Set down all of the records below exactly, please, omitting the images.

--- Supplied records ---

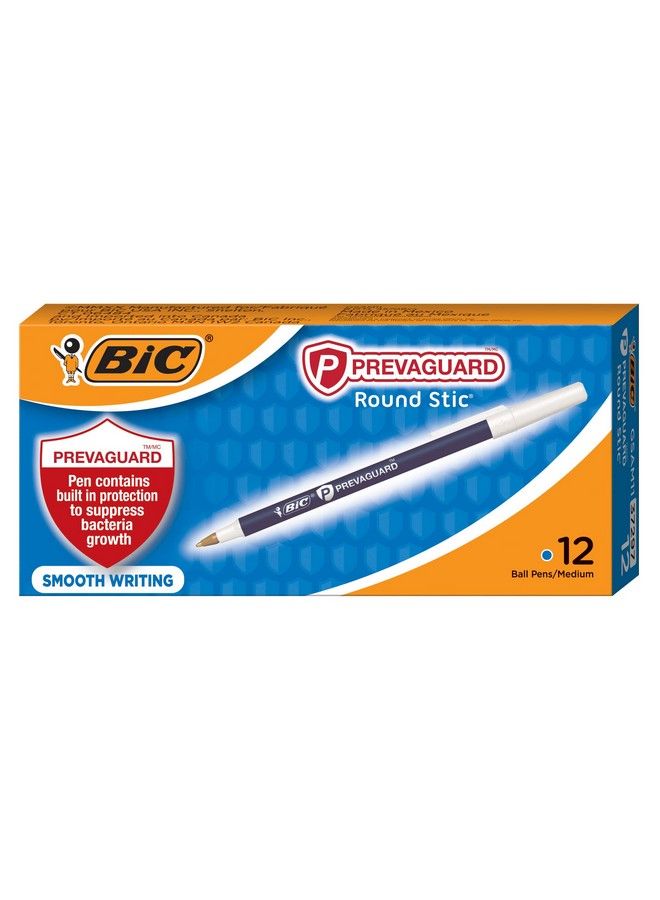 Bic قلم حبر جاف دائري من بريفاغارد مع حماية مدمجة لتقليل نمو البكتيريا نقطة متوسطة (1.0 مم) أزرق 12 قطعة - Image 1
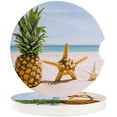 thumbnail image 1 of FMSHPON Pineapple and Starfish on The Beach Set of 6 Car Coaster for Drinks, Absorbent Ceramic Stone Coasters Cup Mat with Cork Base for Home Kitchen Room Coffee Table Bar Decor, 1 of 5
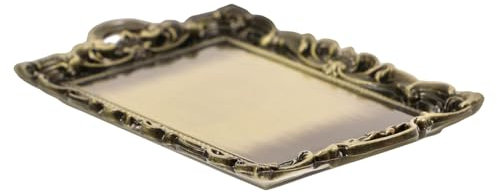 CIMAXIC Puppenhaus Vintage Teller Puppenhaus-Ornament Simulation Spielzeuge Modelle Mini-Haustablett-Dekorationen Mini-Geschirr Legierung Kleiner Teller kleines Tablett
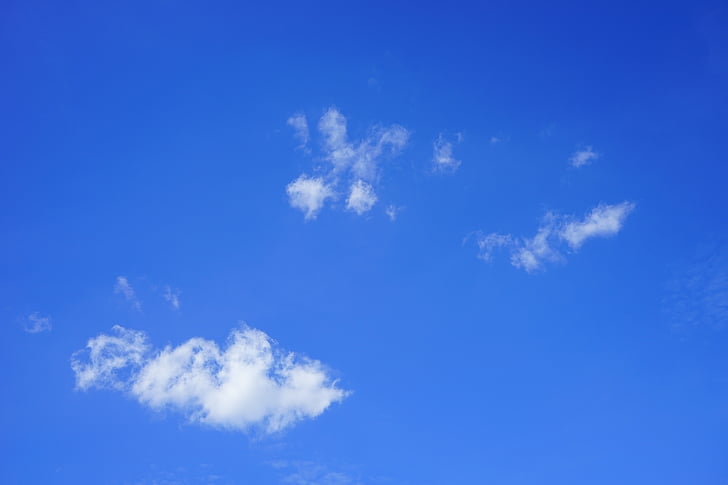 schäfchenwolke, chmury, niebo, letni dzień, niebieski, biały, chmury formularza
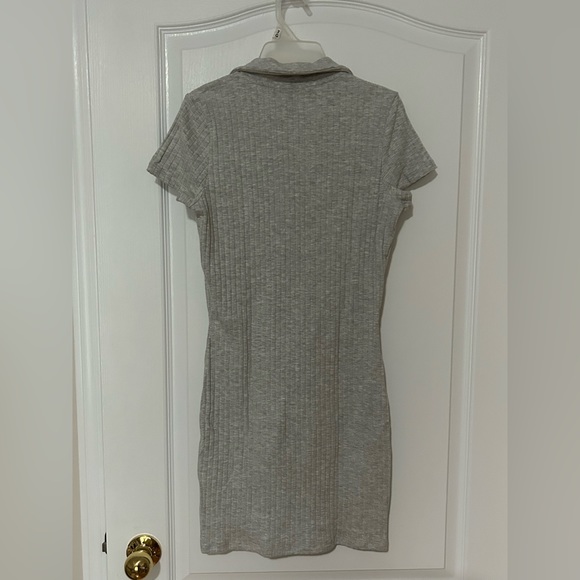 Brand New Grey, Ribbed Bodycon Dress - Picture 2 of 2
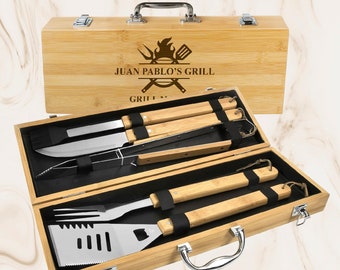 Custom engraved bbq grill box, personalized BBQ 5 tools grill master set, father's day gift, outdoor cooking men grilling gifts for barbecue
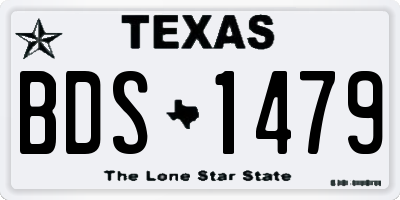 TX license plate BDS1479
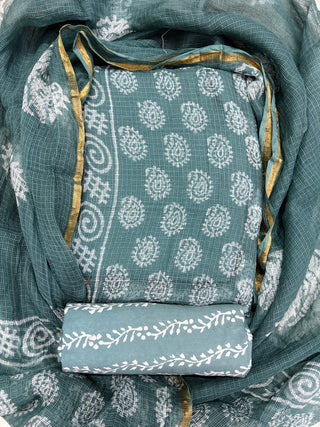 sea green Hand block kota doria suit set for office wear (with extra lining included)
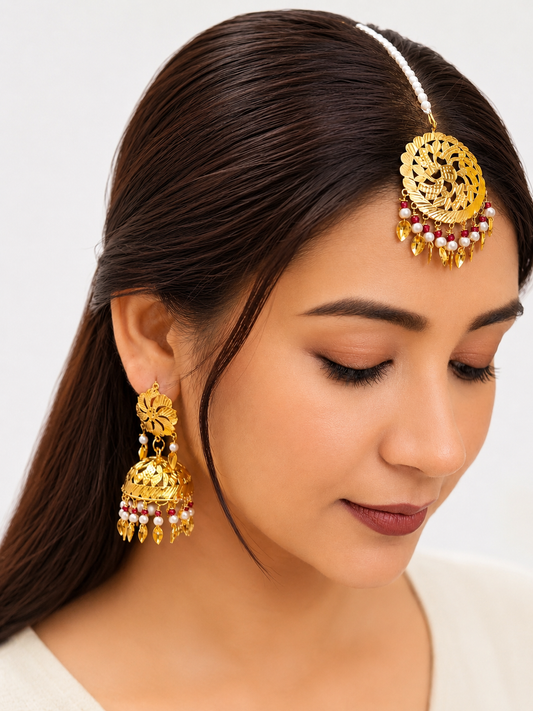 Pearl & Ruby Red Festive Jhumka With Maang Tikka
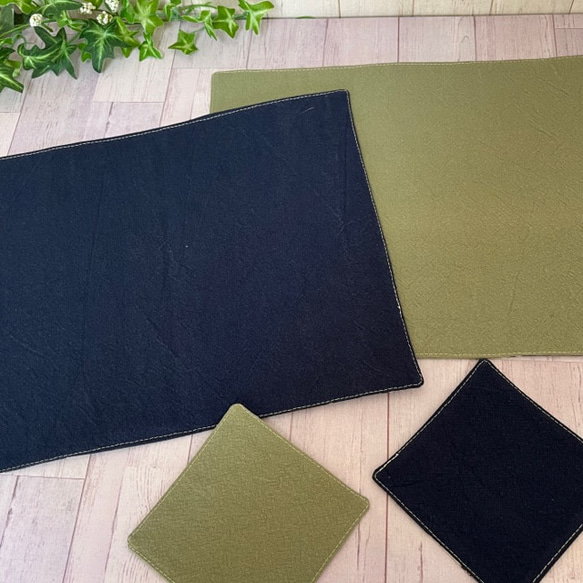 ティーマットセット　和風市松模様　猫柄　茶色系　ペアマット+ペアコースター　送料込み 4枚目の画像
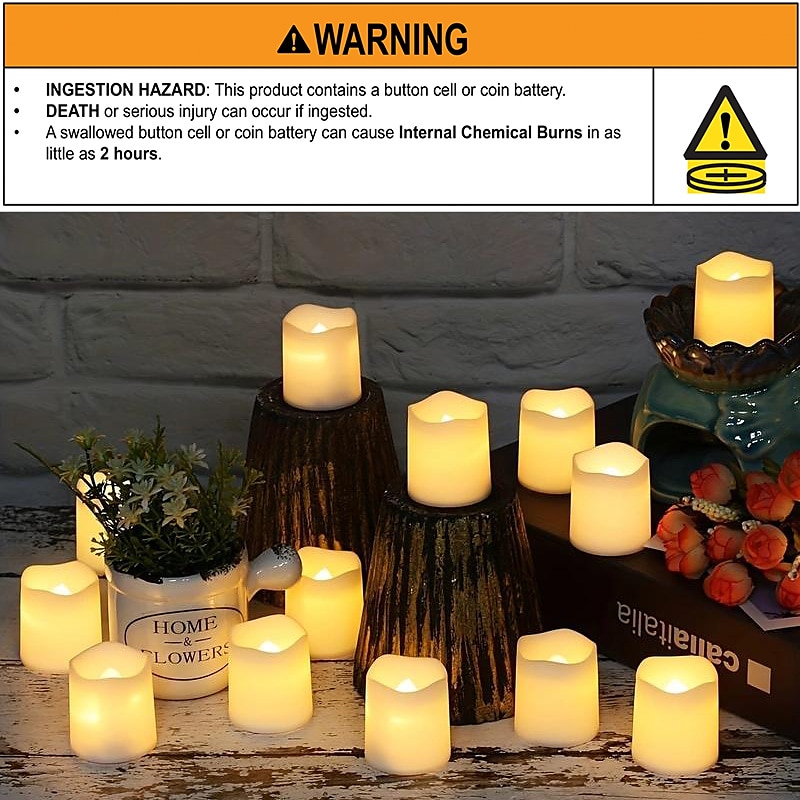 24Pcs Flameless LED Candle Creative Wishing Led Tea Light Warm White Flameless Candle Halloween Christmas Decor Candle Light 2025 - $17.49 –P7
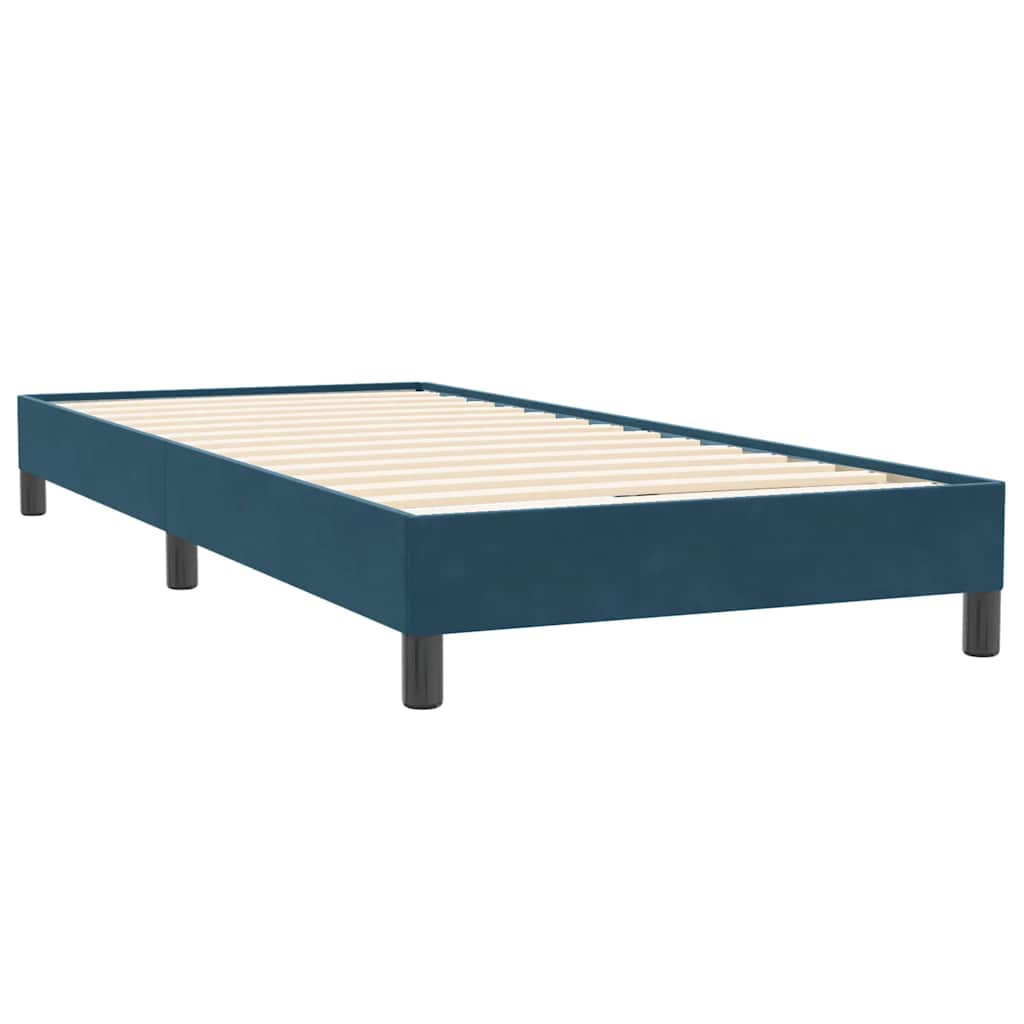 Sommier à lattes de lit et matelas et LED bleu foncé 80x220 cm velours - XIOS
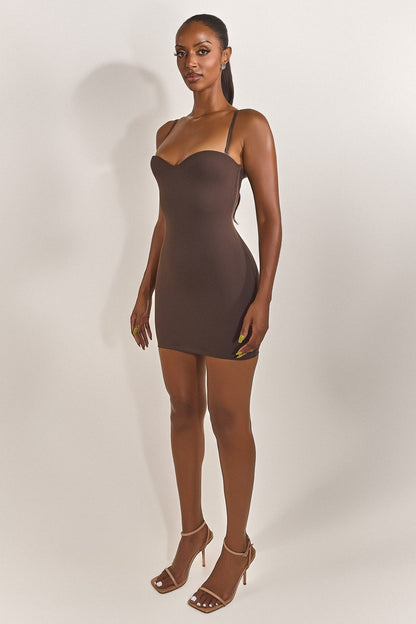 Evangeline Sculpted Mini Dress in Blush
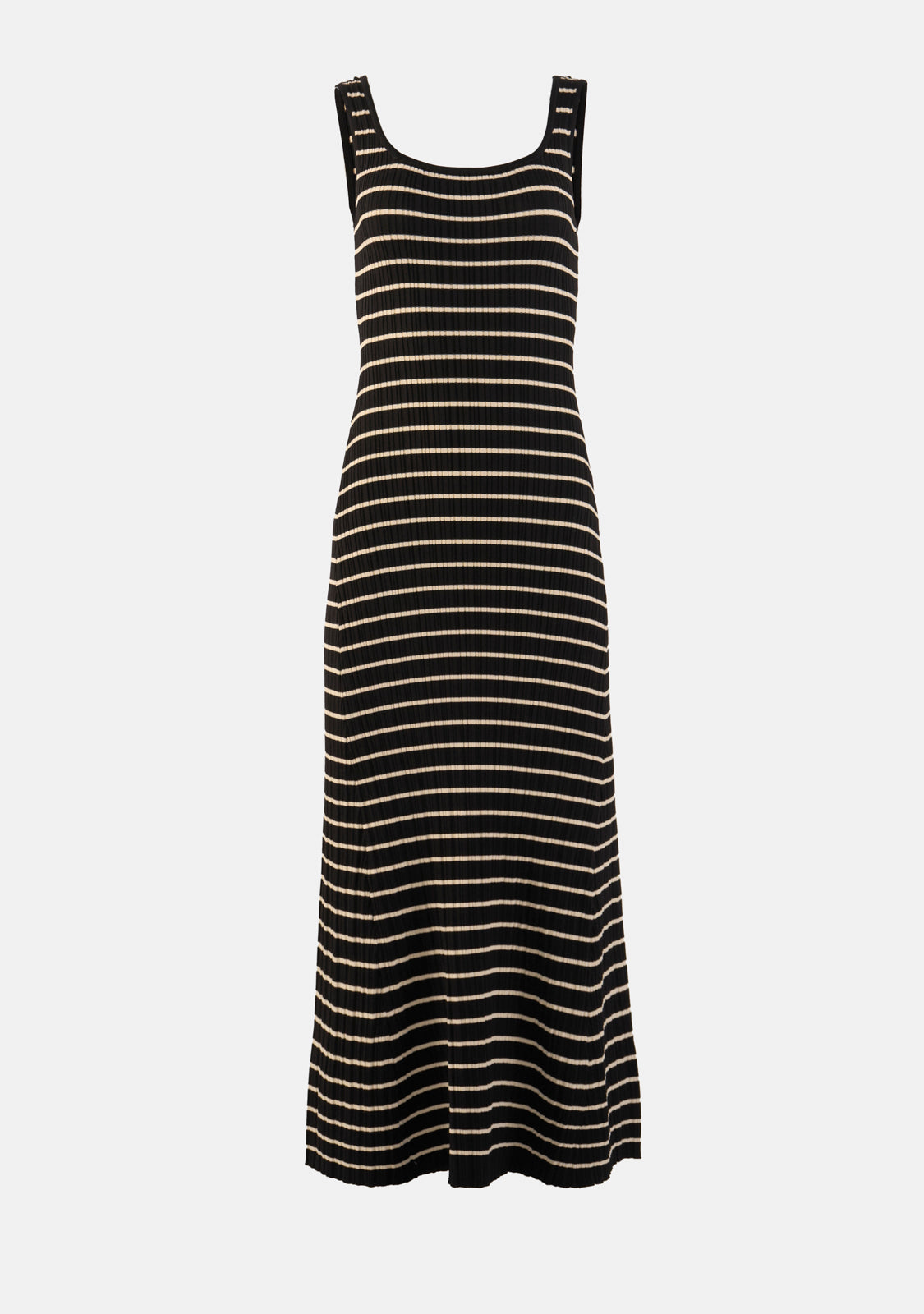 Striped Pattern Sleeveless Knitted Maxi Dress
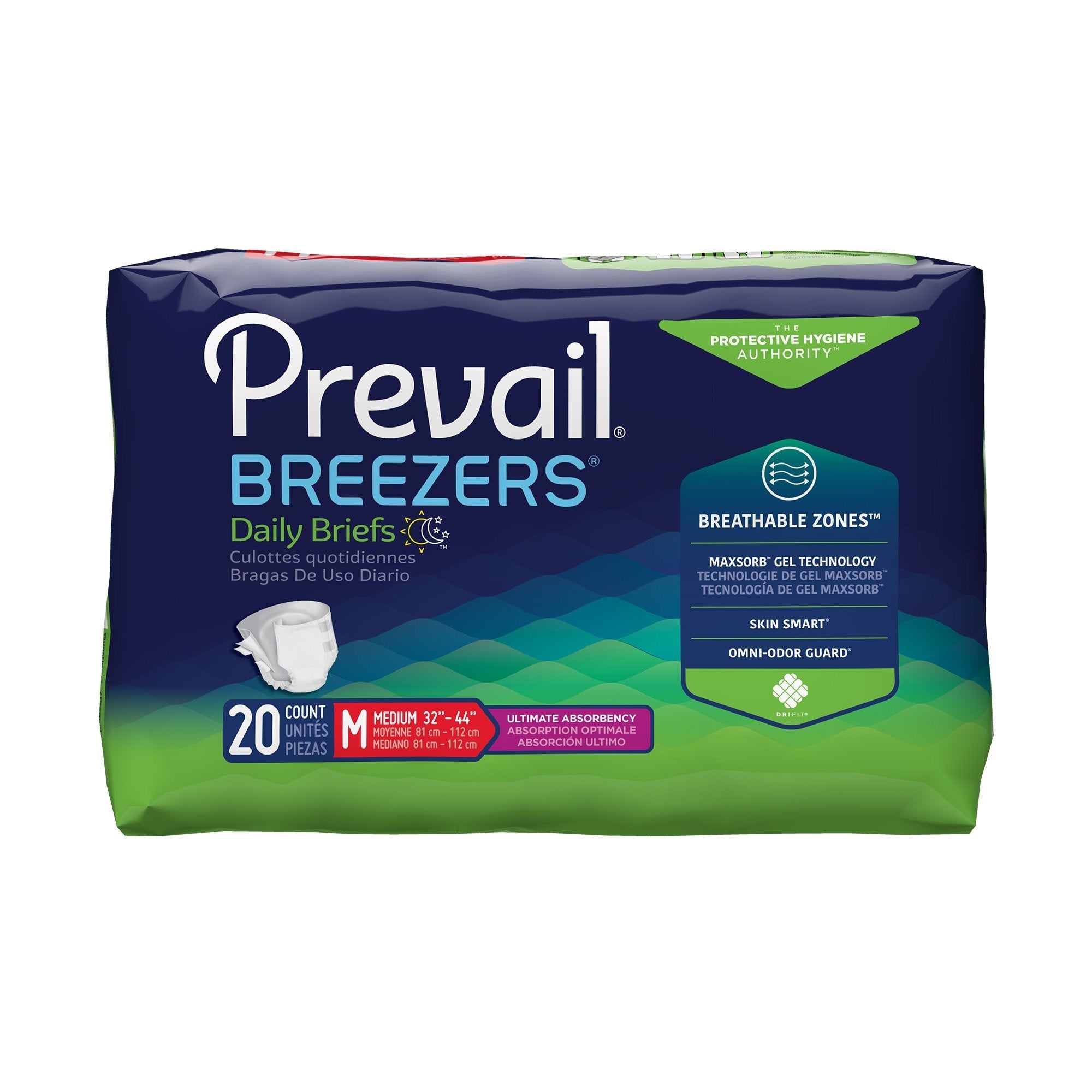 Unisex Adult Incontinence Brief Prevail Breezers Medium Disposable Heavy Absorbency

---

> _Worked solution_:
 Bic قلم حبر جاف دائري من بريفاغارد مع حماية مدمجة لتقليل نمو البكتيريا نقطة متوسطة (1.0 مم) أزرق 12 قطعة - Image 1
 thumbnail image 1 of FMSHPON Pineapple and Starfish on The Beach Set of 6 Car Coaster for Drinks, Absorbent Ceramic Stone Coasters Cup Mat with Cork Base for Home Kitchen Room Coffee Table Bar Decor, 1 of 5
 CIMAXIC Puppenhaus Vintage Teller Puppenhaus-Ornament Simulation Spielzeuge Modelle Mini-Haustablett-Dekorationen Mini-Geschirr Legierung Kleiner Teller kleines Tablett
 schäfchenwolke, chmury, niebo, letni dzień, niebieski, biały, chmury formularza
 Brand New Grey, Ribbed Bodycon Dress - Picture 2 of 2
 Custom engraved bbq grill box, personalized BBQ 5 tools grill master set, father's day gift, outdoor cooking men grilling gifts for barbecue
 TX license plate BDS1479
 sea green Hand block kota doria suit set for office wear (with extra lining included)
 Pearl & Ruby Red Festive Jhumka With Maang Tikka
 ティーマットセット　和風市松模様　猫柄　茶色系　ペアマット+ペアコースター　送料込み 4枚目の画像
 24Pcs Flameless LED Candle Creative Wishing Led Tea Light Warm White Flameless Candle Halloween Christmas Decor Candle Light 2025 - $17.49 –P7
 Sommier à lattes de lit et matelas et LED bleu foncé 80x220 cm velours - XIOS
 Evangeline Sculpted Mini Dress in Blush
 Striped Pattern Sleeveless Knitted Maxi Dress
 Unisex Adult Incontinence Brief Prevail Breezers Medium Disposable Heavy Absorbency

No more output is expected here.